=== Section Start ===

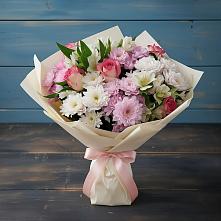 Букет цветов из:  Хризантемы, Альстромерии и Розы в Донской Балке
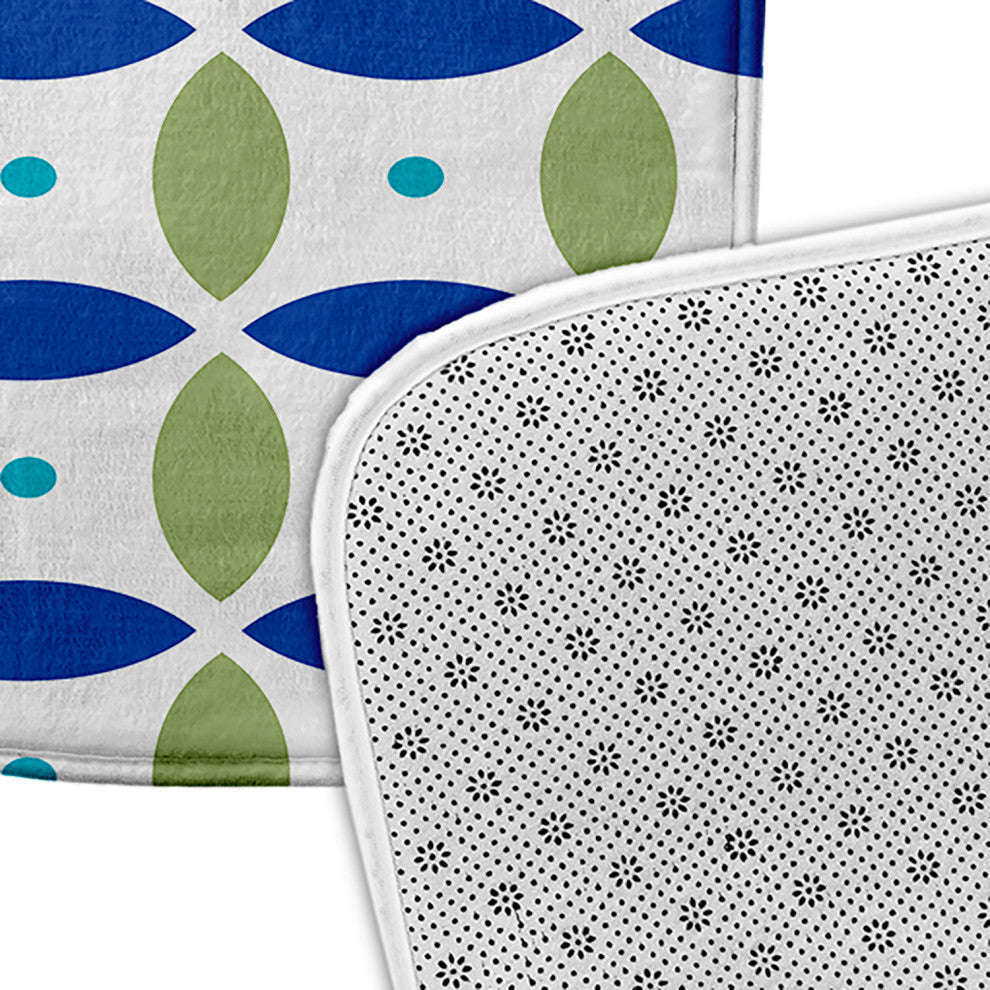Green Rectangular Geometric Pet Feeding Mat for Dogs or Cats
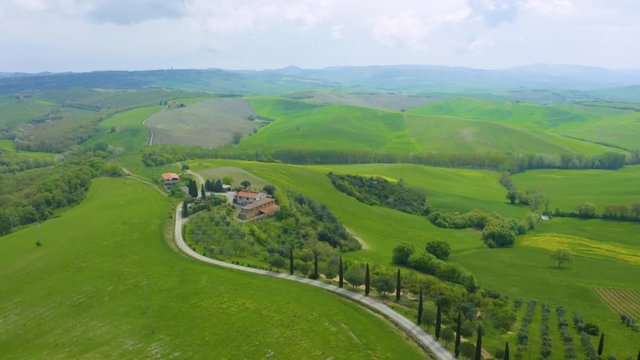 Aerial view of the Tuscany landscape in The Val d'Orcia, or Valdorcia, is a region of Tuscany, central Italy, which extends from the hills south of Siena to Monte Amiata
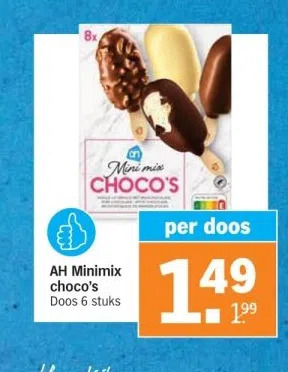 Albert Heijn Ah minimix choco's doos 6 stuks aanbieding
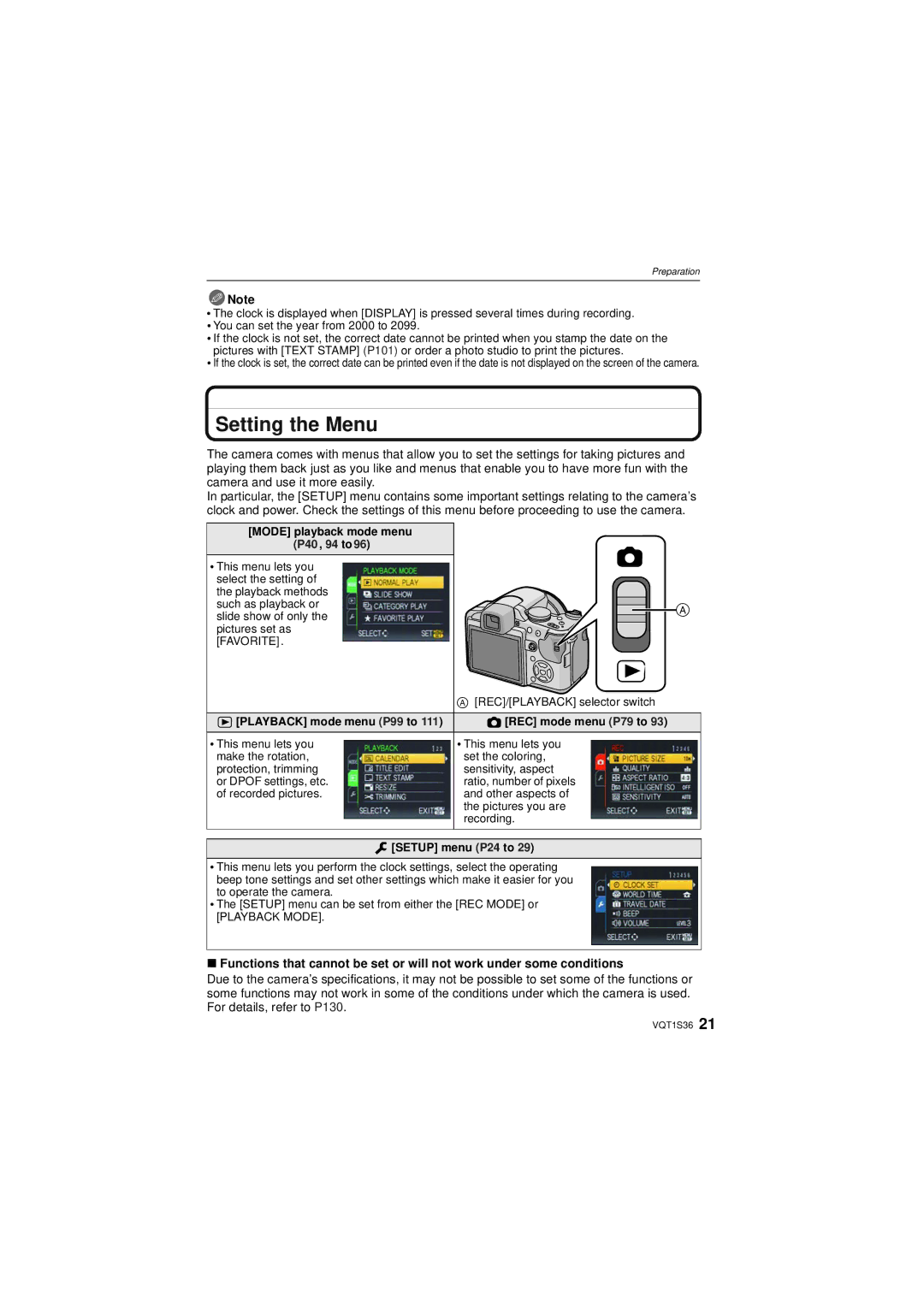 Panasonic DMC FZ 28, DMCFZ28K Setting the Menu, Mode playback mode menu P40, 94 to96, REC/PLAYBACK selector switch 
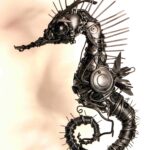 Un hippocampe entièrement conçu à partir de déchets du quotidien ©Vortex Récupart
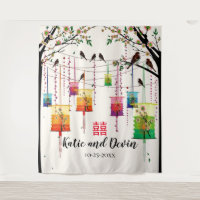 Lampions Colorés Arbre Oiseaux Mariage Chinois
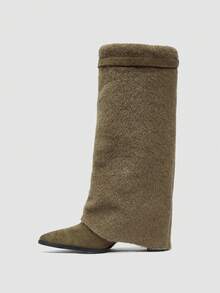Daringsoles 女式尖头粗跟绒面西部流苏靴，修身高筒靴 - 綠色 - 查看 10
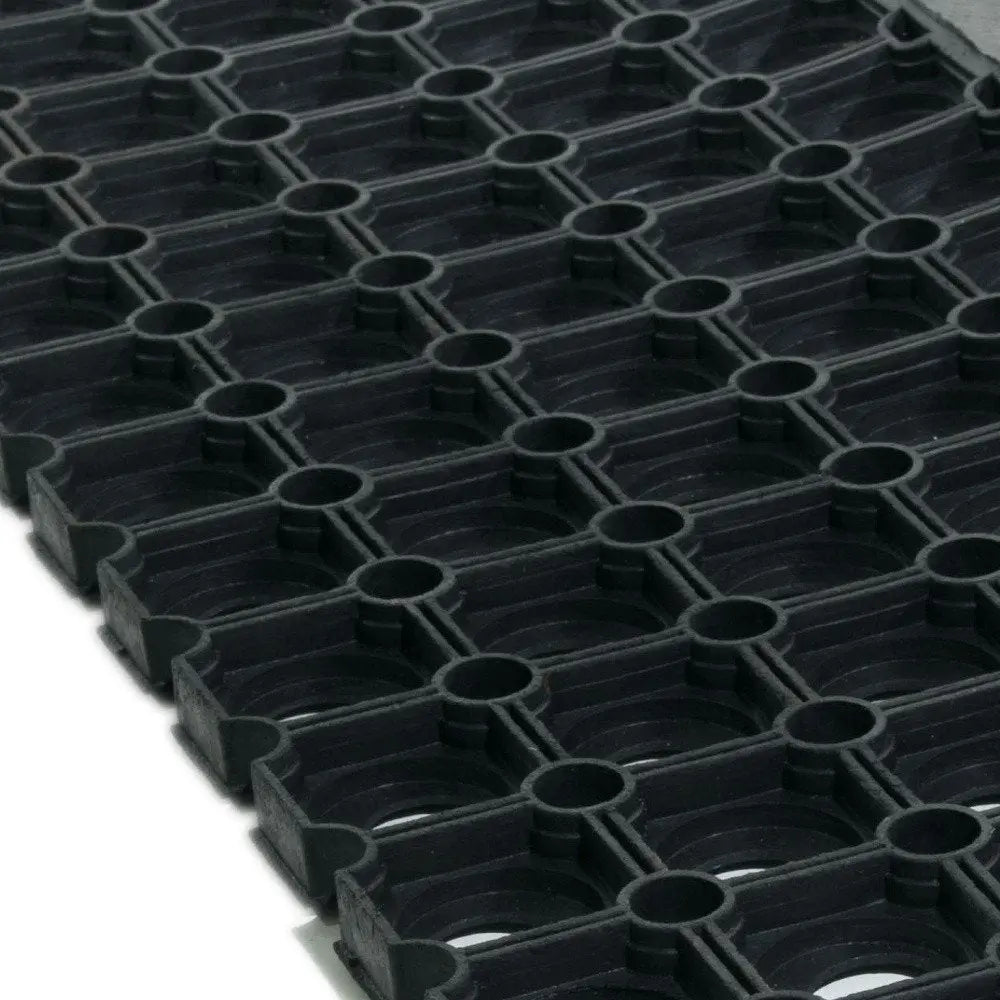 10" X 30" Black Rubber Outdoor Door Mat HomeRoots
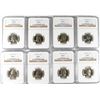 Image 1 : LOT OF ( 8 ) 1966 SMS WASHINGTON QUARTERS, NGC MS-65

=== Section End ===

▶ **Your objective**
Retype all entries above verbatim; no pictures belong in the copy.

▶ **Expected output**
 Букет цветов из:  Хризантемы, Альстромерии и Розы в Донской Балке
Green Rectangular Geometric Pet Feeding Mat for Dogs or Cats
 Aerial view of the Tuscany landscape in The Val d'Orcia, or Valdorcia, is a region of Tuscany, central Italy, which extends from the hills south of Siena to Monte Amiata
 Albert Heijn Ah minimix choco's doos 6 stuks aanbieding
 Panasonic DMC FZ 28, DMCFZ28K Setting the Menu, Mode playback mode menu P40, 94 to96, REC/PLAYBACK selector switch 
 Un hippocampe entièrement conçu à partir de déchets du quotidien ©Vortex Récupart
 Lampions Colorés Arbre Oiseaux Mariage Chinois
Daringsoles 女式尖头粗跟绒面西部流苏靴，修身高筒靴 - 綠色 - 查看 10
 10" X 30" Black Rubber Outdoor Door Mat HomeRoots
 Image 1 : LOT OF ( 8 ) 1966 SMS WASHINGTON QUARTERS, NGC MS-65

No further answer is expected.